This trend reflects various Soviet domestic and international circumstances, which helped to convince both Khrushchev and Brezhnev that the USSR needed more than a short-term respite from the kind of Cold War over which Stalin had presided. Escalating numbers of nuclear weapons on both sides, along with the dangers they posed of a catastrophic war, placed a premium on limiting tensions, while Moscow’s achievement of strategic parity with the United States, obtained under Brezhnev, gave him the confidence to negotiate arms-control agreements from a "position of strength" that Khrushchev lacked. The vulnerability of Soviet allies in Eastern Europe, dramatically visible in Poland and Hungary in 1956, and again in the Prague Spring of 1968, heightened Soviet interest in European detente. In contrast to
Khrushchev, who responded to Chinese charges of being soft on capitalism by getting tough with the United States, Brezhnev moved toward a new relationship of detente with Washington.

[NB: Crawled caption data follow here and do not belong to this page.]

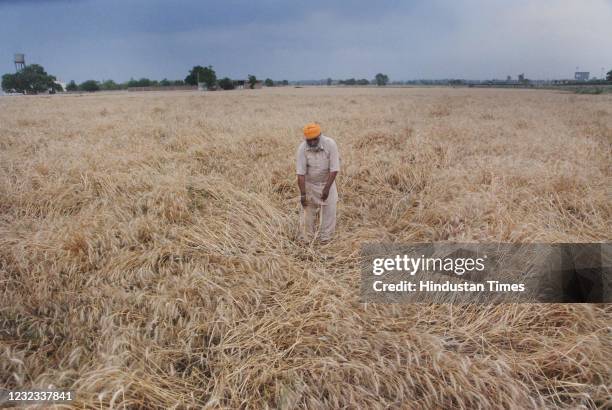 Farmer inspects a wheat crop that was damaged by strong winds, on April 15, 2021 in Amritsar, India.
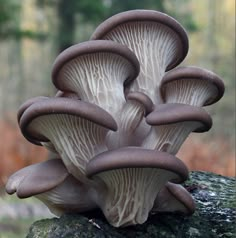 a group of mushrooms sitting on top of a tree stump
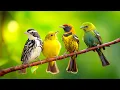 Download Lagu Relaxing Bird Sounds 4K~ Birds Singing Heal Stress, Anxiety And Depression, Heal The Mind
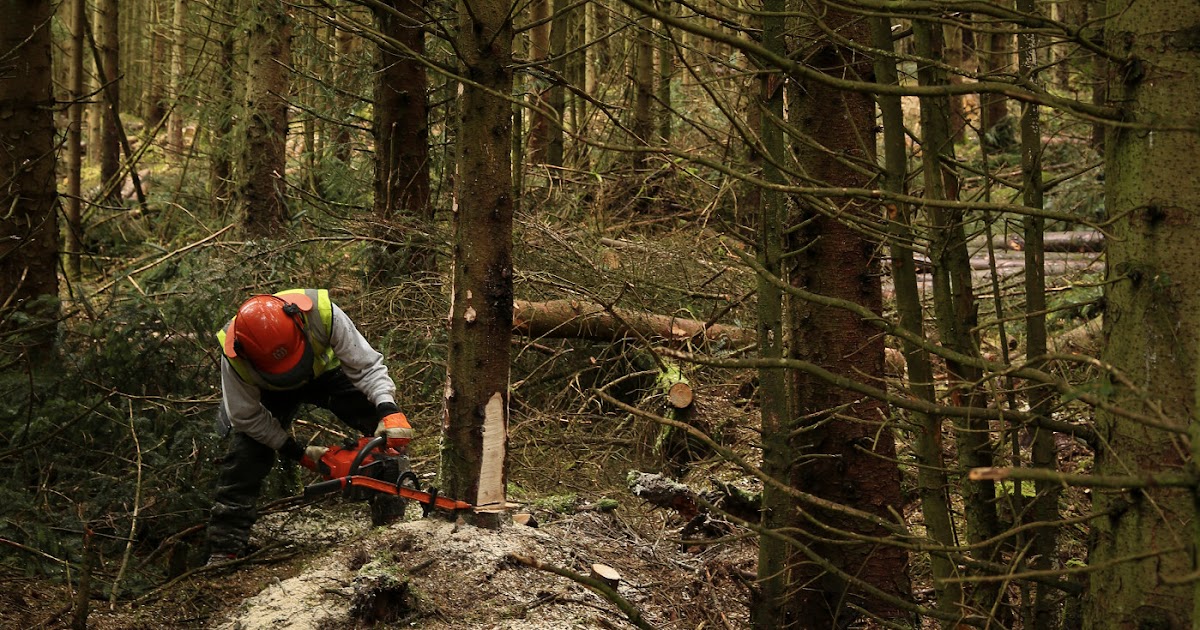 Alvecote Wood Chainsaw Training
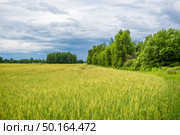 Поле молодой пшеницы. Стоковое фото, фотограф Илья Старков / Фотобанк Лори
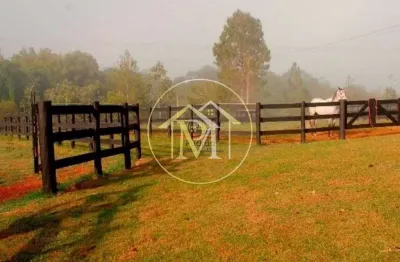 Haras com 1 dormitório à venda, 1113200 m² por r$ 16.000.000,00 - vila belo horizonte - itapetining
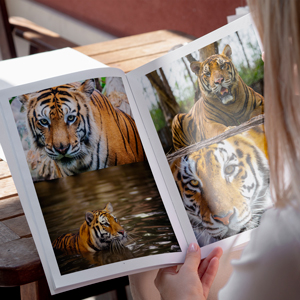 livre-photos-tigres-03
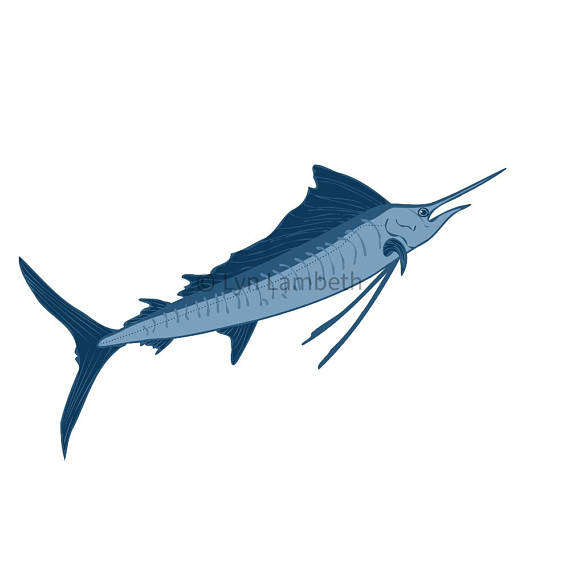 570x570 Fish Clipart Tuna Shark Sailfish Barramundi Ocean Clip Art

The detente achieved by Brezhnev and company stabilized Cold War competition in Europe while braking the arms race and expanding East-West ties. But it contained the seeds of its own eventual disintegration. The growing power and prestige of the USSR, sharply contrasting with America’s retreat from Vietnam, offered new opportunities to expand Soviet power and influence in the Third World. Marxist-Leninist ideology helped to ensure that Moscow would try to exploit those new opportunities, thus seeming to confirm to many in the West that Moscow was engaged in another round of global expansionism. As a result, even as detente reached its peak, it began to unravel.